NBA: Zapowiedź sezonu 2015/16 - Memphis Grizzlies. Czy "Miśki" stać na więcej?

Memphis Grizzlies to ekipa twardzieli, solidnych rzemieślników, co roku plasujących się w czołówce Konferencji Zachodniej, a mimo to wciąż pomijanych w dyskusji o kandydatach do tytułu. Czy są w stanie wskoczyć na jeszcze wyższy poziom?

W tym artykule dowiesz się o:

Od kiedy do Memphis w 2009 roku trafił Zach Randolph, Grizzlies tylko w pierwszym sezonie nie zdołali awansować do play-offów. W kolejnych pięciu latach za każdym razem meldowali się w tej fazie rozgrywek, a raz nawet - w 2013 roku - dotarli aż do finału konferencji, gdzie okazali się wyraźnie słabsi od San Antonio Spurs i polegli w czterech spotkaniach. Blisko czegoś większego byli także w minionej kampanii. W sezonie regularnym wygrali 55 meczów i do pierwszej rundy playoffs weszli z piątego miejsca na Zachodzie.

Rozbici przez kontuzje Blazers nie byli w stanie się im przeciwstawić i odpadli po 5-meczowej serii.
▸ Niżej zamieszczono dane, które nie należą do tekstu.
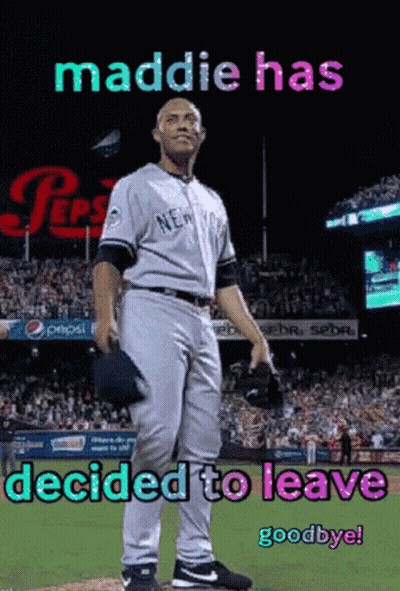 Maddie Leaving Goodbye Baseball Poster GIF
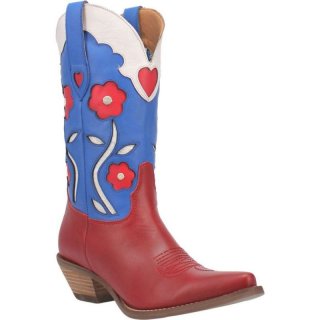 WOMEN'S DINGO COMIN UP ROSES LEATHER BOOT-CRANBERRY | FREE SHIPPING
W półfinałach konferencji "Niedźwiadki" trafiły na późniejszych mistrzów, Golden State Warriors i rywalizację rozpoczęły wręcz wyśmienicie, wychodząc na prowadzenie 2:1. Potem jednak trener Steve Kerr wykorzystał ich największą słabość i nakazał swoim zawodnikom odpuszczać w obronie Tony'ego Allena, pozwalając mu na oddawanie nieefektywnych rzutów z dystansu. Do sprytnej strategii doszły także problemy zdrowotne jego oraz Mike'a Conley'a i na tych dwóch zwycięstwach Grizzlies się zatrzymali.

W tym roku spróbują po raz kolejny. I niewykluczone, że po raz ostatni z trójką Gasol-Randolph-Conley w składzie. Zach ma już na karku 34 lata, a rozgrywki 2016/17 będą ostatnim rokiem jego kontraktu, co sprawi, że stanie się bardziej atrakcyjny w kontekście ewentualnej wymiany. Najważniejszy ruch, który zabezpieczył klub na najbliższą przyszłość, Grizzlies już zrobili, podpisując latem pięcioletnią umowę z Markiem Gasolem. Środkowy z jej tytułu zainkasuje w sumie ponad 110 mln dolarów. Za chwilę będą też musieli zapłacić Conley'owi, którego kontrakt wygasa po nadchodzącym sezonie. Memphis to miejsce, na które mimo wszystko wolni agenci nie patrzą najprzychylniej, więc generalny menedżer klubu Chris Wallace powinien zrobić wszystko, aby rozgrywającego zatrzymać.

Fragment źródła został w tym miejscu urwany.